Aujourd’hui vous nous proposez ce schéma sur l’enfance et la famille. Dans ce domaine, nous sommes au cœur des compétences du département. Il répond à une obligation légale.
Les travaux préparatoires sont terminés depuis 2008. Or depuis, plus rien. Silence radio. Et tout d’un coup, dans une certaine précipitation, à la veille d’élections, la plupart de ces actions sont mises en oeuvre immédiatement. Cela signifie-t-il qu’un retard a été pris depuis 2 ans ? N’aurait-on pas déjà dû faire des choses ? Notamment en ce qui concerne les projets pour l’enfance et la cellule enfance en danger ?
L’examen prévu par la loi de 2007 qui intervient au 4eme mois a t il été mis en place ? Depuis quand ? Avec quels moyens ?
Concernant le suivi des actions, je note certaines incohérences :
On lit dans le schéma concernant la petite enfance, « l’accueil collectif reste un moyen efficace de lutter contre les inégalités. » Mais vous avez en réalité quasiment supprimé les aides au fonctionnement des crèches.
On lit dans le schéma l’intérêt de « promouvoir les actions de prévention en direction des enfants et des jeunes ». On parle bien de prévention spécialisée.
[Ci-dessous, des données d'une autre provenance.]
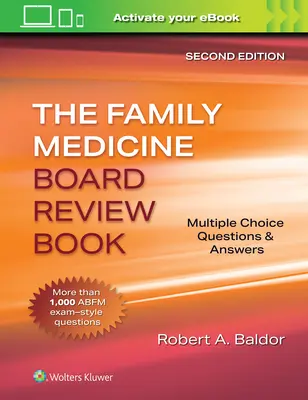 Family Medicine Board Review Book : Questions à choix multiples et réponses - Family Medicine Board Review Book: Multiple Choice Questions & Answers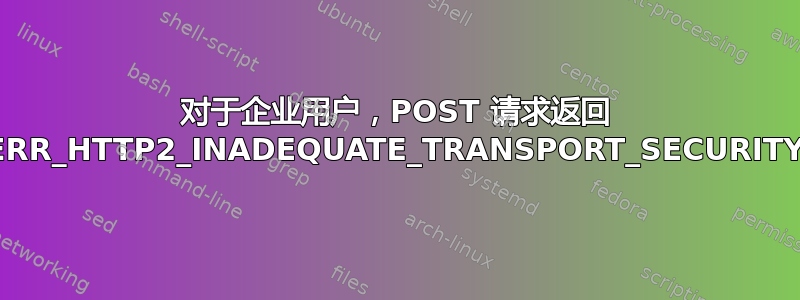 对于企业用户，POST 请求返回 ERR_HTTP2_INADEQUATE_TRANSPORT_SECURITY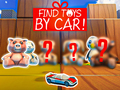                                                                       Find Toys By Car ﻞﯿﮭﮐ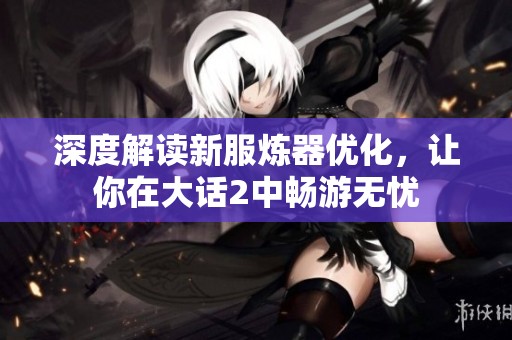 深度解读新服炼器优化，让你在大话2中畅游无忧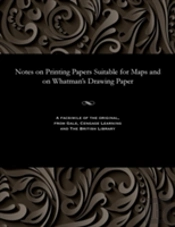 Notes On Printing Papers Suitable For Maps And On Whatman'S Drawing Paper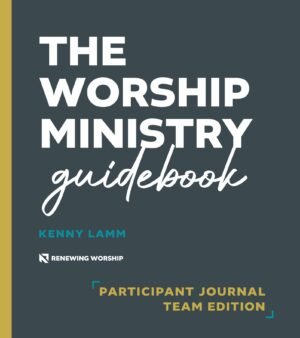 The Worship Ministry Guidebook: Participant Journal - Team Edition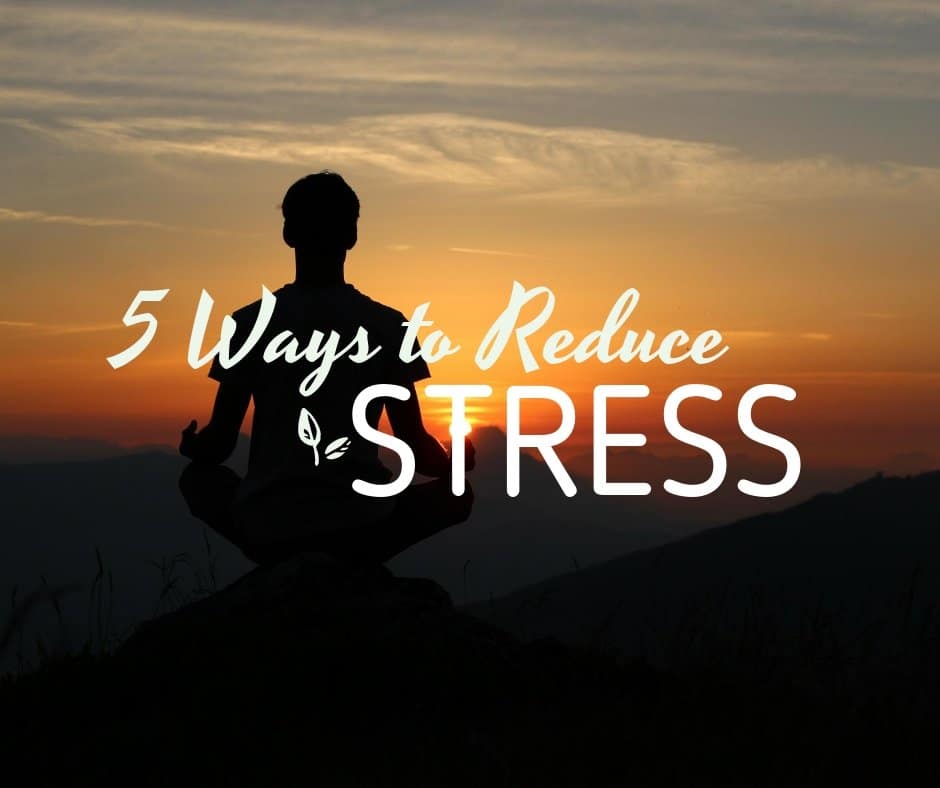 Five Easy Ways To Reduce Stress In Your Life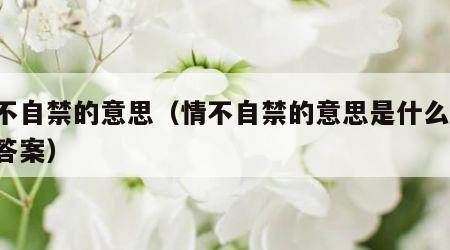 情不自禁的意思（情不自禁的意思是什么 标准答案）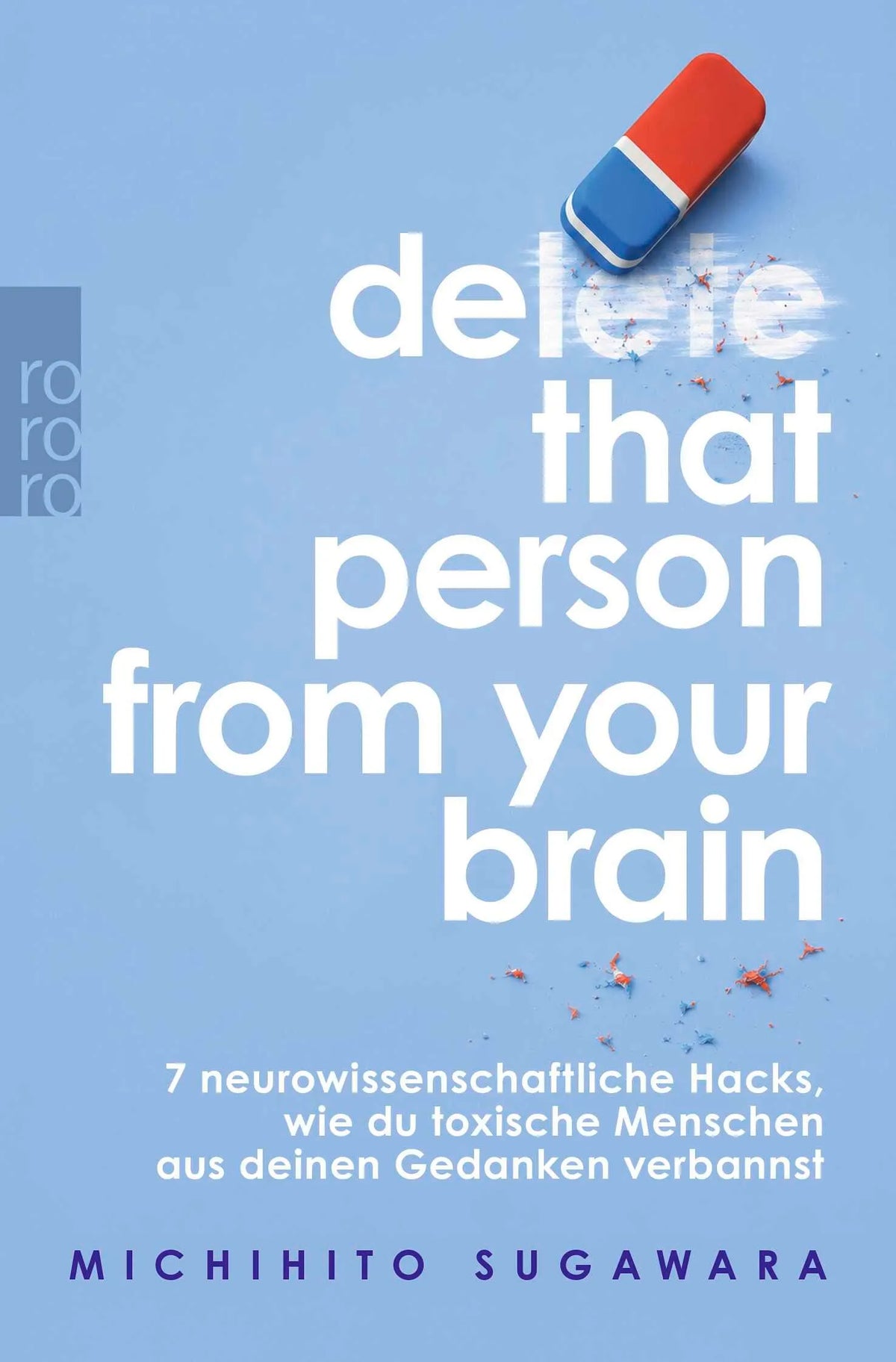Cover: Delete that person from your brain (Taschenbuch) von Michihito Sugawara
Quel est son avenir aujourd’hui ? Quelles sont vos intentions ? Avez-vous l’intention de la maintenir ou de la supprimer ? La prévention est indispensable en milieu urbain, mais aussi dans certains de nos cantons ruraux. Ce ne sont pas des « équipes volantes » qui constitueront la meilleure réponse.
Sur la prise en charge des situations d’enfants, si la loi de 2007 encourage la mise en place de modalités différentes, vous proposez une « restructuration de l’offre d’accompagnement » qui se traduit par une diminution importante des places en établissement. Sachant que le placement judiciaire est le plus fréquent, que ferez-vous si la justice décide de plus de placement qu’il n’y a de places ? Pour un grand nombre de cas, l’accompagnement même renforcé en famille ne sera pas la meilleure réponse.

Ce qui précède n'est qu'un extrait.